Working data:
################

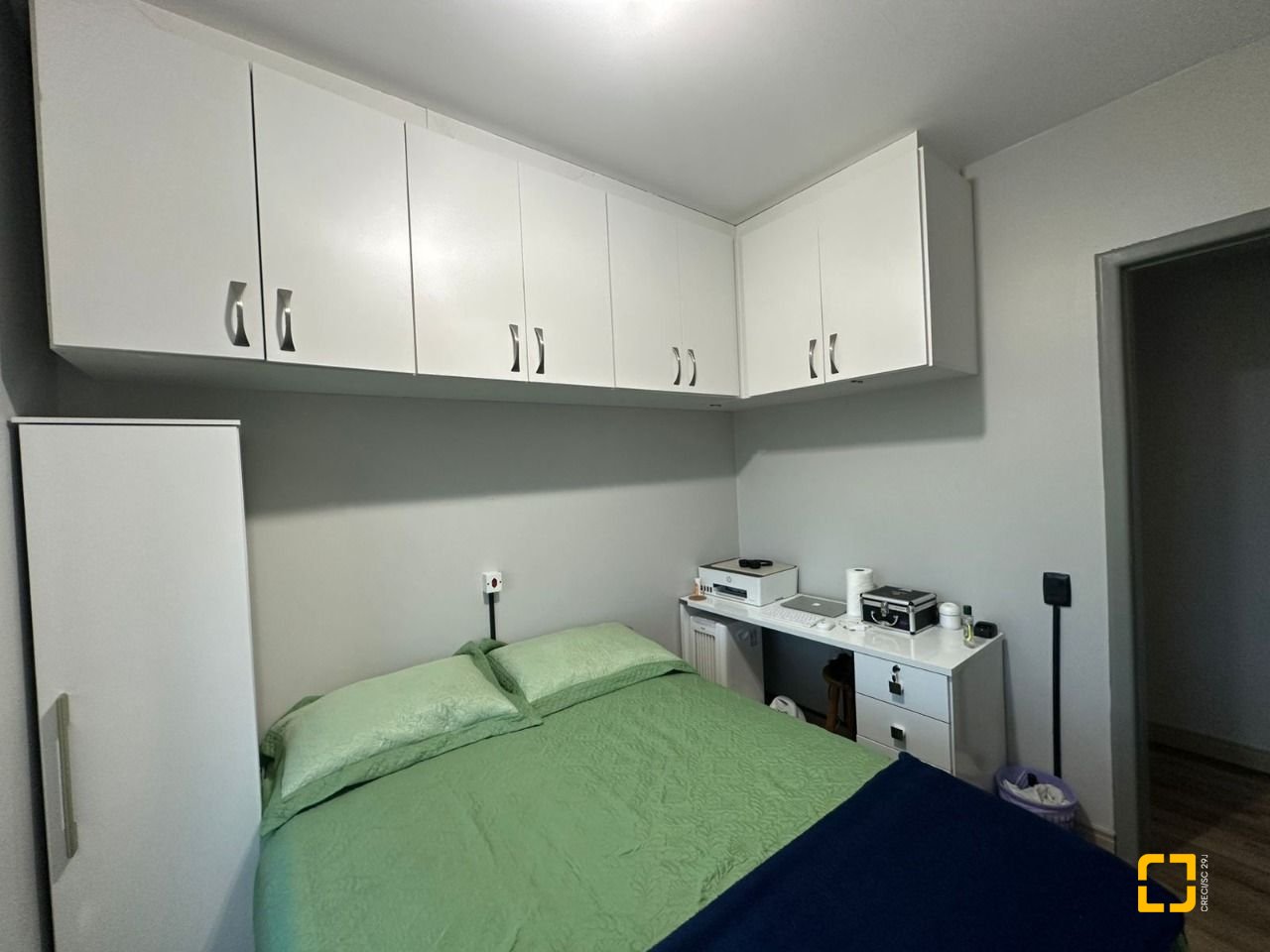 Cobertura com 183m², 4 quartos (sendo 1 suíte), 10 garagens, no bairro Capoeiras em Florianópolis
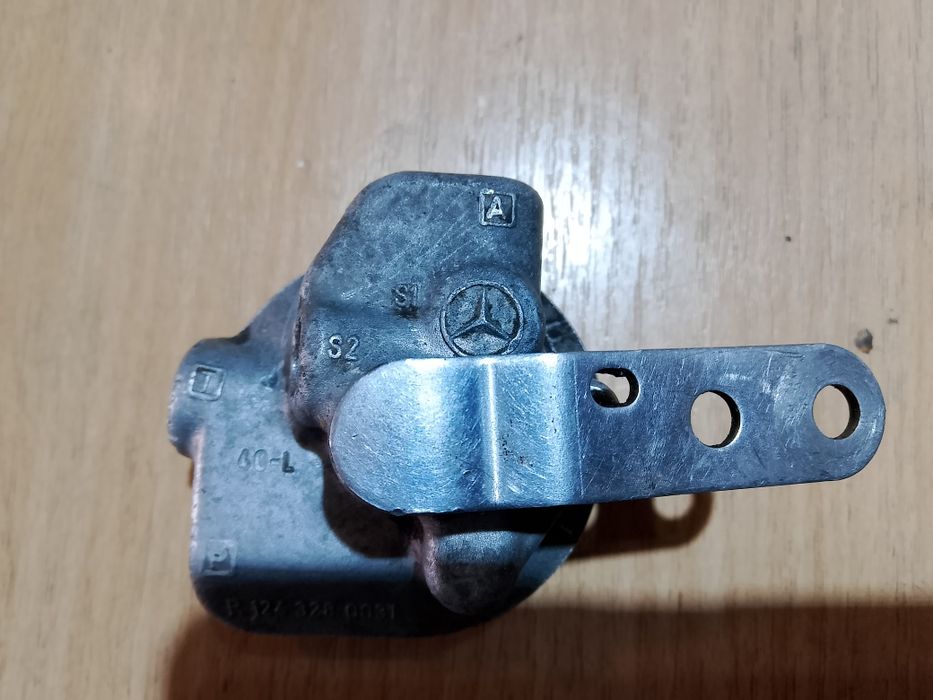 Мерседес w124, 210,211 кран гидроподкачки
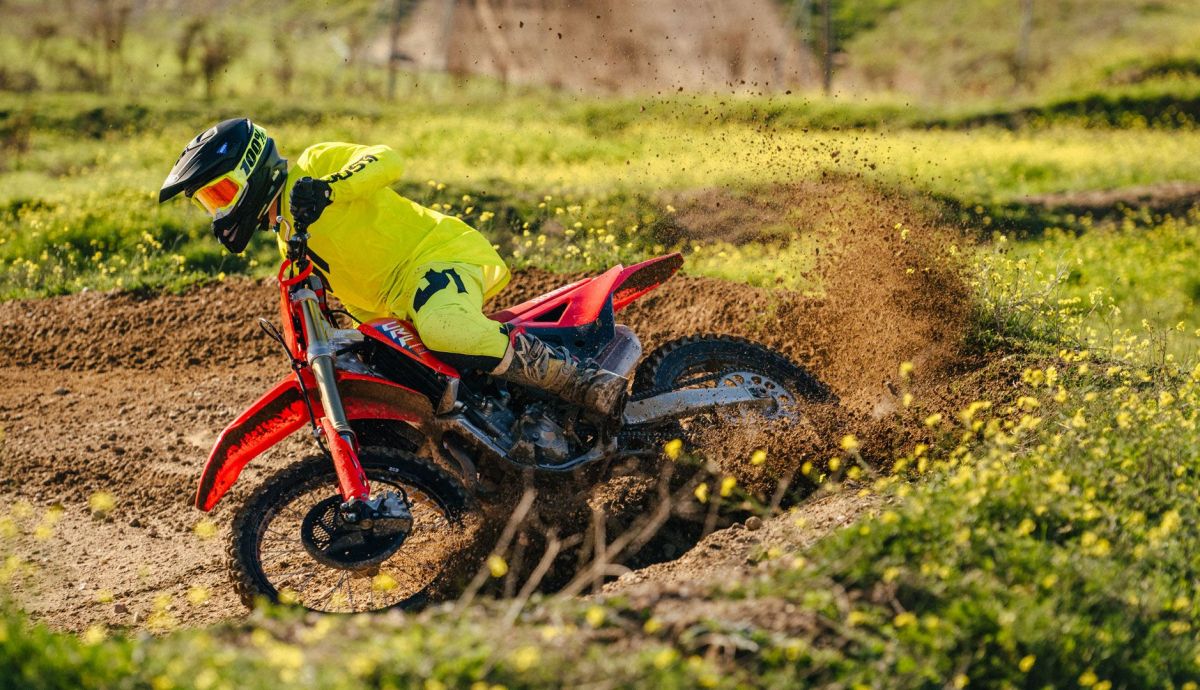 Comparativa MX 250 Honda vs Triumph (2) Comparativa MX 250 Honda vs Triumph (2)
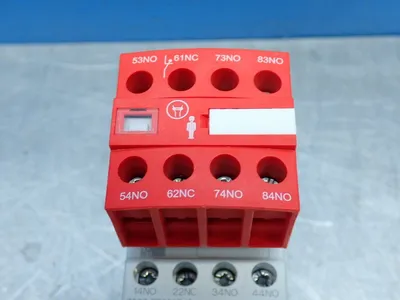 NEW ALLENBRADLEY 700SEF620EJC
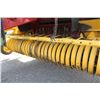 Image 14 : New Holland BR7060 round baler, crop cutter, net wrap, extra sweep pickup, 18Lx16.1 floatation tires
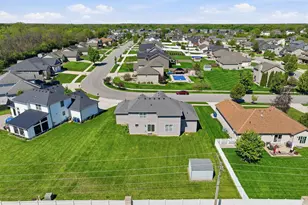 2527 Tate Dr, Schererville, IN 46375 - Photo 6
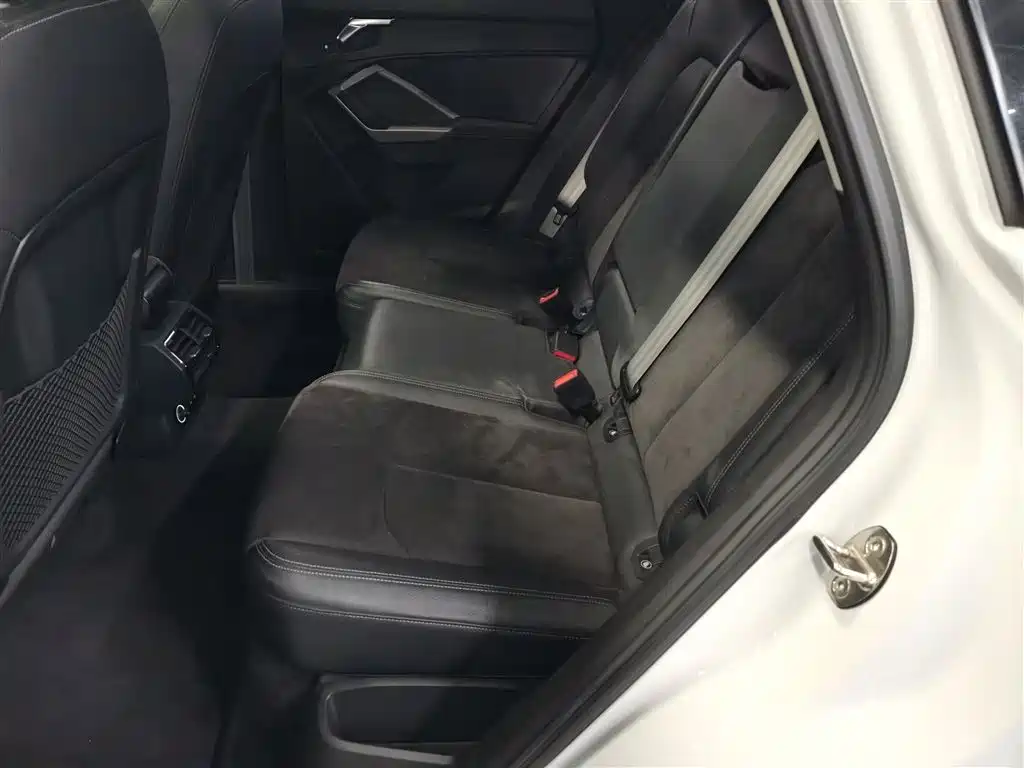 Audi Q3 2022 35 TFSI Progressive Dynamic фото 13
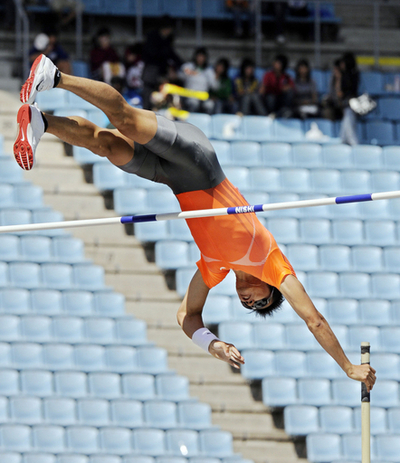 澤野 棒高跳び制す、国際GP陸上
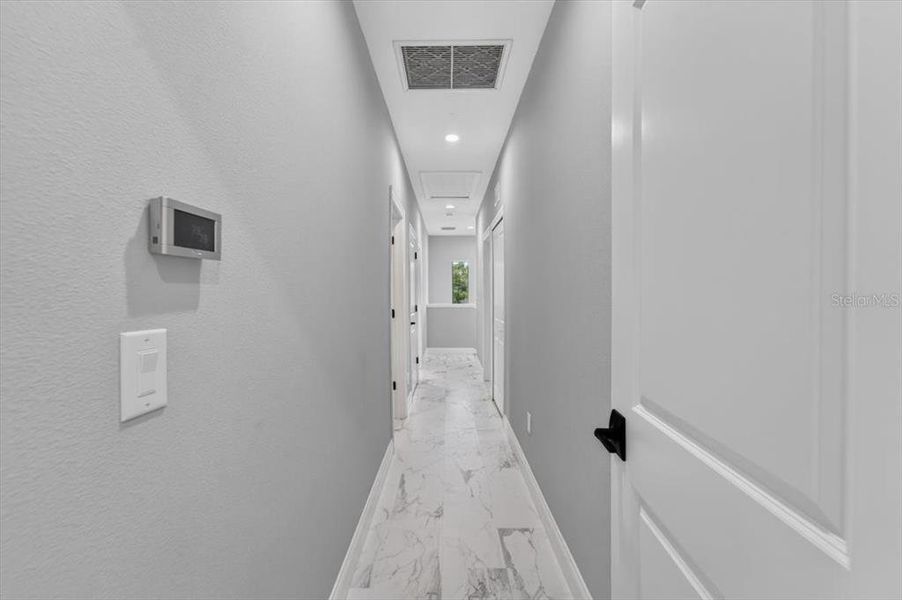 Spacious, unfurnished interior of a new home in , Tampa (Image 59).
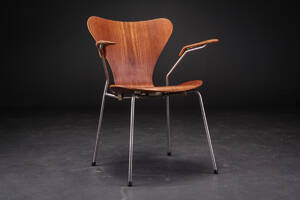 Arne Jacobsen. 7er armstol, model 3207, teaktræ 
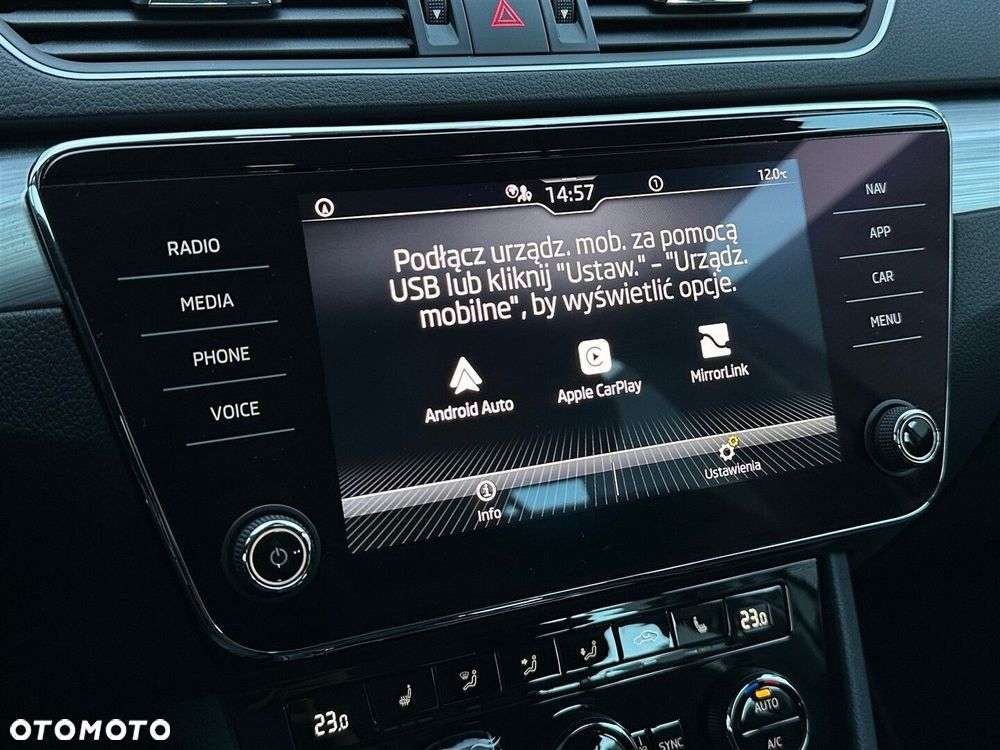 Skoda Superb 1.5 TSI Ambition DSG - 25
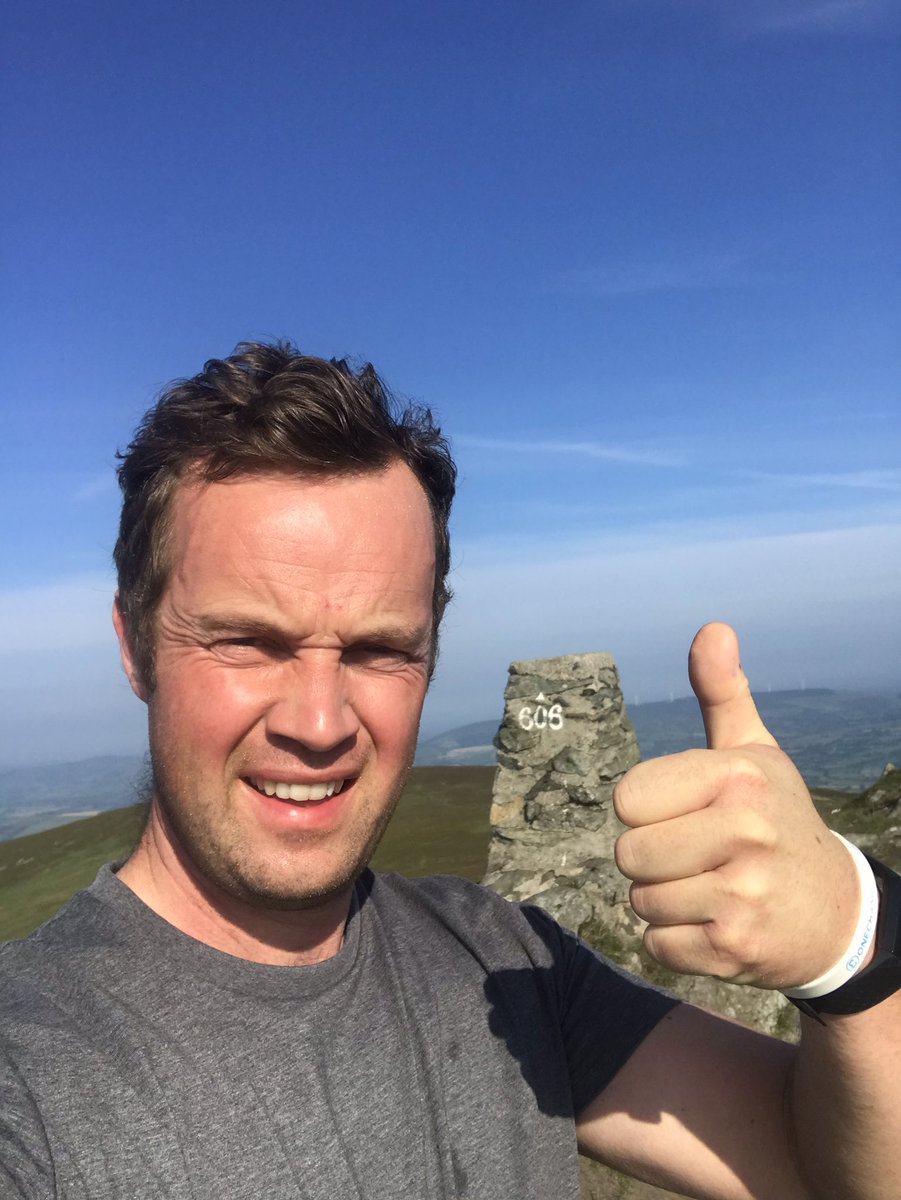 tommythevet's tweet photo. @SteilAngusHerd @Alltech @grazyfarmer @niallbrennan14 @Eimear_Murray 27 selfies later, a donation and an early morning ramble up a hill
Thanks for the nomination @SteilAngusHerd
Great way to start the day
#ONEFUNdraisingrun https://t.co/PgfRycRpkm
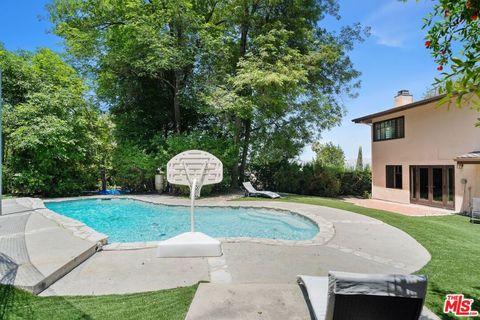 A home in Woodland Hills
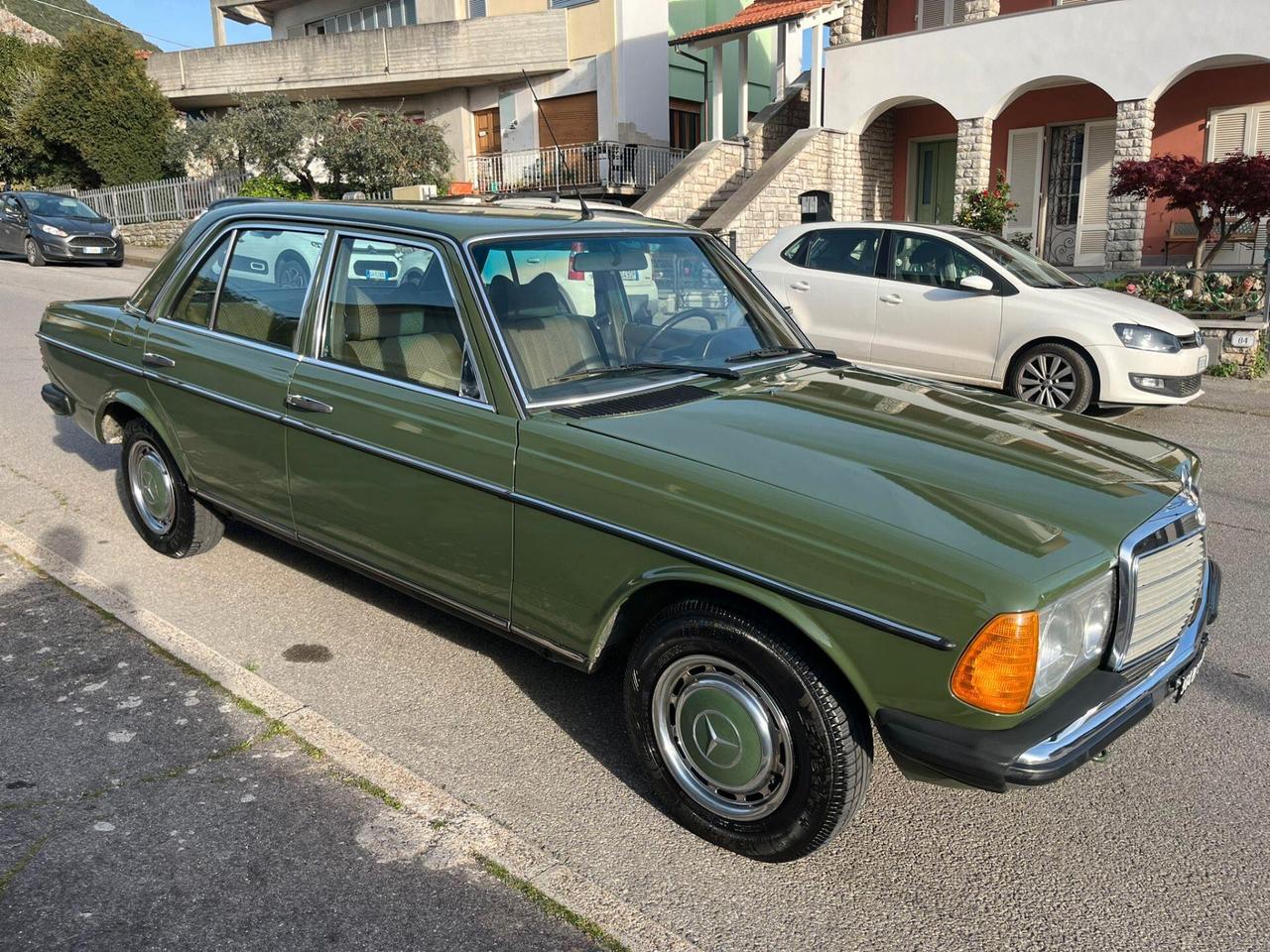 Mercedes-benz 200 w 123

################

Try it: Starting with the line that contains "Great way to start the day", reproduce every line to the end of the material above, both end lines included, exactly and with no pictures.

Solution to this exercise:
Great way to start the day
#ONEFUNdraisingrun https://t.co/PgfRycRpkm
 A home in Woodland Hills
 Mercedes-benz 200 w 123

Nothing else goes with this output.